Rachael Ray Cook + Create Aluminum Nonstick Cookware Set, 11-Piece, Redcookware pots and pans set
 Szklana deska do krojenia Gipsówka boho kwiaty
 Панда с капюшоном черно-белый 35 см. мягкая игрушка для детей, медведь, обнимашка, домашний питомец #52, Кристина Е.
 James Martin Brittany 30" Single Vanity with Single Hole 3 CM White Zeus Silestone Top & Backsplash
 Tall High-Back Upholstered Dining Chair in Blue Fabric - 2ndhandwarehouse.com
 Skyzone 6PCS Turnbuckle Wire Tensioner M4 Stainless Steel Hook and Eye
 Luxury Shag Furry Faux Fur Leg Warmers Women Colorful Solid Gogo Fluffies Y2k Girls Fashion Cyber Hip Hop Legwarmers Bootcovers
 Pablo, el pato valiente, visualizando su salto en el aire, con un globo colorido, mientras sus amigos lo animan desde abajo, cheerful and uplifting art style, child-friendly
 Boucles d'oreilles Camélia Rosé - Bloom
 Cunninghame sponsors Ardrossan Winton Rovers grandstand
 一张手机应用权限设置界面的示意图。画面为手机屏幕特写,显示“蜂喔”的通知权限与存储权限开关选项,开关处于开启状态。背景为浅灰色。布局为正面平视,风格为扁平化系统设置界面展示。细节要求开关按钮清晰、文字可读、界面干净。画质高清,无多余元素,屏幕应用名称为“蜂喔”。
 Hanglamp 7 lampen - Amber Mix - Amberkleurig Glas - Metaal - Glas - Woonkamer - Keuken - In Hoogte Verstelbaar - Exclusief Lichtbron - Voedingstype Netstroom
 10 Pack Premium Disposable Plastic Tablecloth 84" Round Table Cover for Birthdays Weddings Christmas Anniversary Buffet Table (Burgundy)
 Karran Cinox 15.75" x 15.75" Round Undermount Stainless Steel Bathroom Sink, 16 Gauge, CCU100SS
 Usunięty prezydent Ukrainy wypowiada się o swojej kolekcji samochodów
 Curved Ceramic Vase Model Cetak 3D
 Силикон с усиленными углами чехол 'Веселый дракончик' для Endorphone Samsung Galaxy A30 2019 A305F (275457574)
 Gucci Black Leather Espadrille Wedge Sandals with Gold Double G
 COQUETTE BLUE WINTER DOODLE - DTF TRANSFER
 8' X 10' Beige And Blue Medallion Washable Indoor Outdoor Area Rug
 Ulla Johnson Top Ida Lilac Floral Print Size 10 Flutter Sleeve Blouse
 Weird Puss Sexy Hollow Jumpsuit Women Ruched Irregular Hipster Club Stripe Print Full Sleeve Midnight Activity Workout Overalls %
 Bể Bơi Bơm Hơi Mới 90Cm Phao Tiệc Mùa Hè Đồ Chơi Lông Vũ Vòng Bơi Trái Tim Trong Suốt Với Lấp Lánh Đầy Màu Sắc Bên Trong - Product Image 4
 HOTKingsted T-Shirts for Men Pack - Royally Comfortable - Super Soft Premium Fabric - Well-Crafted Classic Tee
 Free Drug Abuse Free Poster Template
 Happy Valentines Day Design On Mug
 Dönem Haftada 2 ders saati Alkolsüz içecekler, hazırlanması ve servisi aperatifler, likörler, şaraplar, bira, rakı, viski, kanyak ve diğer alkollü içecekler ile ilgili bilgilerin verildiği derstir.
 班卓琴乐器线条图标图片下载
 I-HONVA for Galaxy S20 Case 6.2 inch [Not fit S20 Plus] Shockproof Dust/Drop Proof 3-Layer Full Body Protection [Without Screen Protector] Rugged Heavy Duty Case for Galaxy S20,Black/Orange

[Exercise brief]: Write out the data again, exactly and in full.

[Result]:
Rachael Ray Cook + Create Aluminum Nonstick Cookware Set, 11-Piece, Redcookware pots and pans set
 Szklana deska do krojenia Gipsówka boho kwiaty
 Панда с капюшоном черно-белый 35 см. мягкая игрушка для детей, медведь, обнимашка, домашний питомец #52, Кристина Е.
 James Martin Brittany 30" Single Vanity with Single Hole 3 CM White Zeus Silestone Top & Backsplash
 Tall High-Back Upholstered Dining Chair in Blue Fabric - 2ndhandwarehouse.com
 Skyzone 6PCS Turnbuckle Wire Tensioner M4 Stainless Steel Hook and Eye
 Luxury Shag Furry Faux Fur Leg Warmers Women Colorful Solid Gogo Fluffies Y2k Girls Fashion Cyber Hip Hop Legwarmers Bootcovers
 Pablo, el pato valiente, visualizando su salto en el aire, con un globo colorido, mientras sus amigos lo animan desde abajo, cheerful and uplifting art style, child-friendly
 Boucles d'oreilles Camélia Rosé - Bloom
 Cunninghame sponsors Ardrossan Winton Rovers grandstand
 一张手机应用权限设置界面的示意图。画面为手机屏幕特写,显示“蜂喔”的通知权限与存储权限开关选项,开关处于开启状态。背景为浅灰色。布局为正面平视,风格为扁平化系统设置界面展示。细节要求开关按钮清晰、文字可读、界面干净。画质高清,无多余元素,屏幕应用名称为“蜂喔”。
 Hanglamp 7 lampen - Amber Mix - Amberkleurig Glas - Metaal - Glas - Woonkamer - Keuken - In Hoogte Verstelbaar - Exclusief Lichtbron - Voedingstype Netstroom
 10 Pack Premium Disposable Plastic Tablecloth 84" Round Table Cover for Birthdays Weddings Christmas Anniversary Buffet Table (Burgundy)
 Karran Cinox 15.75" x 15.75" Round Undermount Stainless Steel Bathroom Sink, 16 Gauge, CCU100SS
 Usunięty prezydent Ukrainy wypowiada się o swojej kolekcji samochodów
 Curved Ceramic Vase Model Cetak 3D
 Силикон с усиленными углами чехол 'Веселый дракончик' для Endorphone Samsung Galaxy A30 2019 A305F (275457574)
 Gucci Black Leather Espadrille Wedge Sandals with Gold Double G
 COQUETTE BLUE WINTER DOODLE - DTF TRANSFER
 8' X 10' Beige And Blue Medallion Washable Indoor Outdoor Area Rug
 Ulla Johnson Top Ida Lilac Floral Print Size 10 Flutter Sleeve Blouse
 Weird Puss Sexy Hollow Jumpsuit Women Ruched Irregular Hipster Club Stripe Print Full Sleeve Midnight Activity Workout Overalls %
 Bể Bơi Bơm Hơi Mới 90Cm Phao Tiệc Mùa Hè Đồ Chơi Lông Vũ Vòng Bơi Trái Tim Trong Suốt Với Lấp Lánh Đầy Màu Sắc Bên Trong - Product Image 4
 HOTKingsted T-Shirts for Men Pack - Royally Comfortable - Super Soft Premium Fabric - Well-Crafted Classic Tee
 Free Drug Abuse Free Poster Template
 Happy Valentines Day Design On Mug
 Dönem Haftada 2 ders saati Alkolsüz içecekler, hazırlanması ve servisi aperatifler, likörler, şaraplar, bira, rakı, viski, kanyak ve diğer alkollü içecekler ile ilgili bilgilerin verildiği derstir.
 班卓琴乐器线条图标图片下载
 I-HONVA for Galaxy S20 Case 6.2 inch [Not fit S20 Plus] Shockproof Dust/Drop Proof 3-Layer Full Body Protection [Without Screen Protector] Rugged Heavy Duty Case for Galaxy S20,Black/Orange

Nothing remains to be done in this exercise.